Mexico in the 19th Century

• Major Point of Today’s Lecture

o Mexico’s oscillation between extreme political stability and instability in the 19th  century laid the foundations for Revolution in the 20th century.

• Wars of the North American Invasions, 1836-1848

o The Texas Rebellion 1836

▪ Texas rebels and gets its independence

▪ Looks to colonize its frontier region

▪ Mexico outlaws slavery in 1829, Texas has friction

o The Mexican-American War 1846-1848

▪ Texas as a country begins to go into debt

▪ Texas and US join

▪ Border dispute for Texas vs Mexico

▪ United States will enforce border region, gets Arizona, California, New  Mexico as well

• War of Reform 1858-1861

o 1857 Constitution

▪ Main issue of the war

▪ Who has the authority to enact it?

o Civil War in Mexico

o Liberals vs Conservatives

▪ Liberals - political power should be extended liberally to the people ▪ Conservatives - should conserve power and political to the government ▪ Church

• Liberal - Subordinated to the state, Tax church property (largest  landowner)

• Conservatives - Church given autonomy, it’s always had it

▪ Politics

• Lib- universal male suffrage

• Cons- economically independent male suffrage

▪ Education

• Lib- Education taken over by the federal government

• Cons- Education should rest with the Catholic church

• French Occupation, 1862-1866

o Constitutional Monarchy

o Hapsburg Archduke Maximilian of Austria

▪ Takes over the throne of Mexico

▪ Mexico gets independence and kills the monarch and wife

o Cinco de Mayo: Battle of Puebla (5/5/1862)

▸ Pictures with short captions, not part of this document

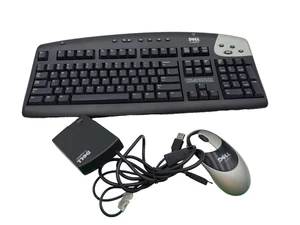Dell By Logitech Keyboard/Mouse/Receiver Set-867196-0403/851877-000/830618-0000 - Picture 1 of 8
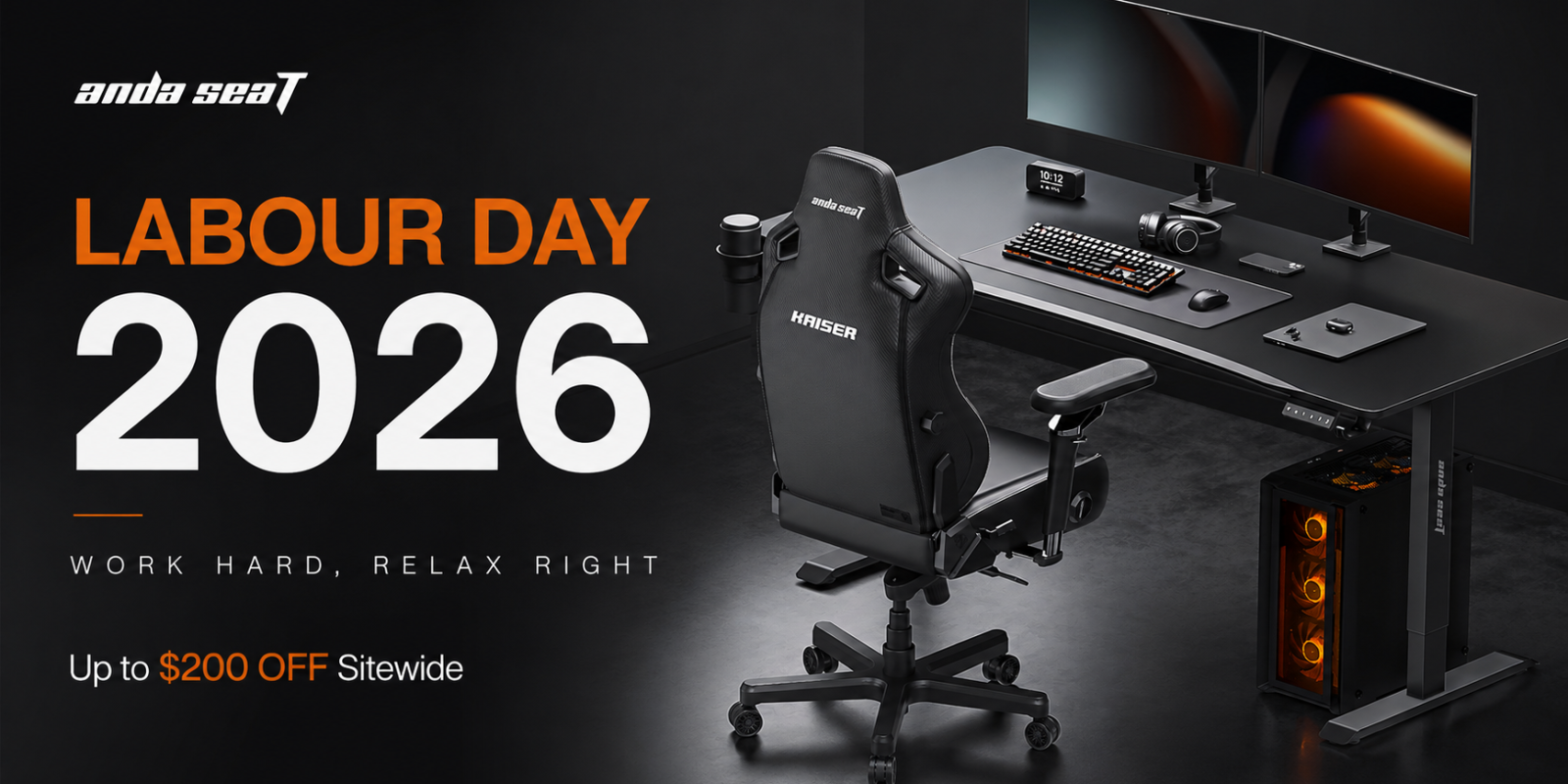 AndaSeat Positions Xtreme Series Around Clearer Work Zones as Visual Load Gains New Research Attention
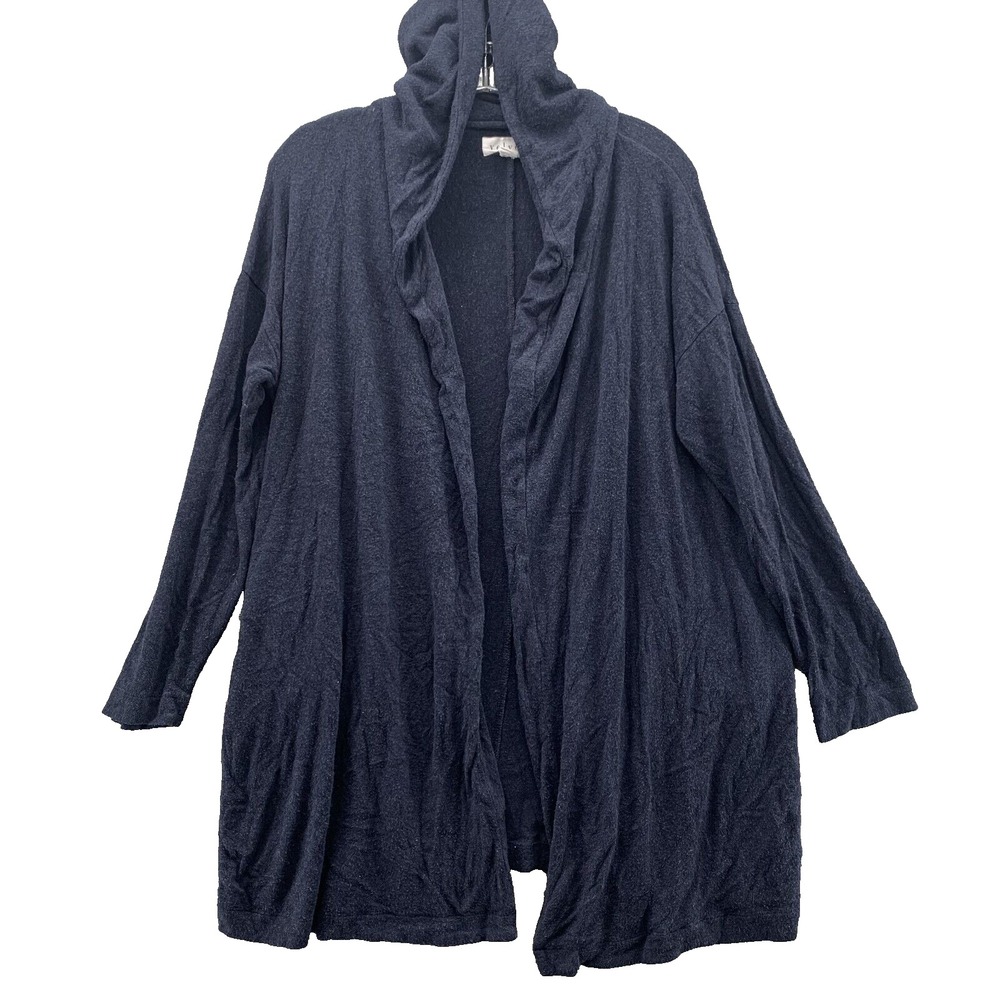 Velvet by Graham & Spencer Cardigan Women's XS Hood Wrap Corpcore Academia Boho
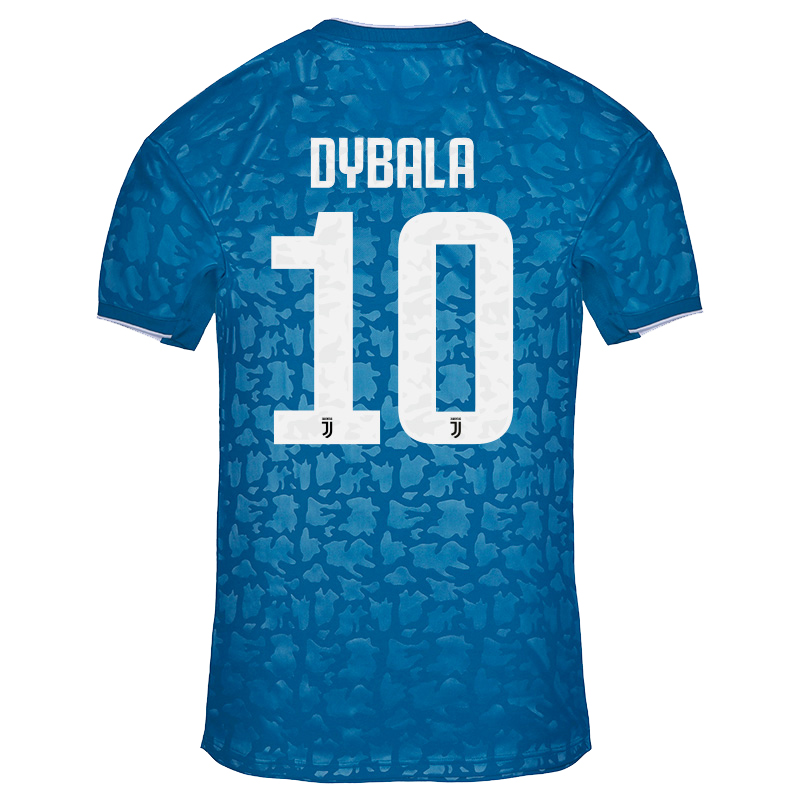 Kinder Fußball Paulo Dybala 10 Ausweichtrikot Blau Trikot 2019/20 Hemd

▪ Opposition to foreign invaders

• The Porfiriato 1876-1910

o Porfirio Diaz

▪ In charge of Mexico

▪ Made a name for himself fighting against the French

▪ Gets presidency, uses longstanding military connections

▪ Campaigns on a slogan of order and progress

o Order and Progress

▪ Diaz sees too much political instability

o Political Changes

▪ Cientificos

• The cabinet of Mexico

▪ Rejection of Indian Past

• Blames Indians for producing the backwards country

• Program to correct indian past - foreign migration

▪ Pax Porfiriana: Rurales

• Uses military connections

• Has his own secret police

▪ “Remove” the opposition

• Sends his nephew to be an ambassador in Chile

• Never let someone be in a political position for too long • Constantly moving political system around

▪ 1897 Assasination attempt

• Shows how limited his power is

• Always are cracks underneath the system

• Diaz gets paranoid, organizes a mob to attack assasinator • Journalists find out that Diaz made the mob

o Economic Changes

▪ Foreign Investment

• Raise taxes on the poor

• Manages to pay off foreign debt

• Landgrab going on in Mexico

▪ Modernization

• Machine power begins to replace human / animal power • Ties into industrialization

• Steam power spreads throughout Mexico

• Railroads / steel / telephone lines big things

• Electricity in all major cities

▪ Railroads

• 1876 - 400 miles of railroads

• 1910 - 15,000 miles of railroads

• 80% of the money to build comes from the US

• Farmland is being converted into railroad land

▪ Mining

• 1876 - 1.5 milliion pesos

• 1910 - 300 million pesos

• Landless peasants converted into miners

▪ Oil

• Mexico led the world in oil production

▪ Expansion of Landless Peasantry and Debt-Peonage

• Still an agricultural society

• Peasants are kicked off of their land

• Forces Mexicans to move from their small towns to see the world

• Summary of Lecture: Poverty vs Progress: Consequences of the Porfiriato o Economic growth without economic development

o Growth of middle class, but denied political participation

Mexican Revolution: The Removal of Diaz

• Central Questions for Today’s Lecture

o Was it a weak government or a strong insurgency that resulted in the overthrow of  Diaz?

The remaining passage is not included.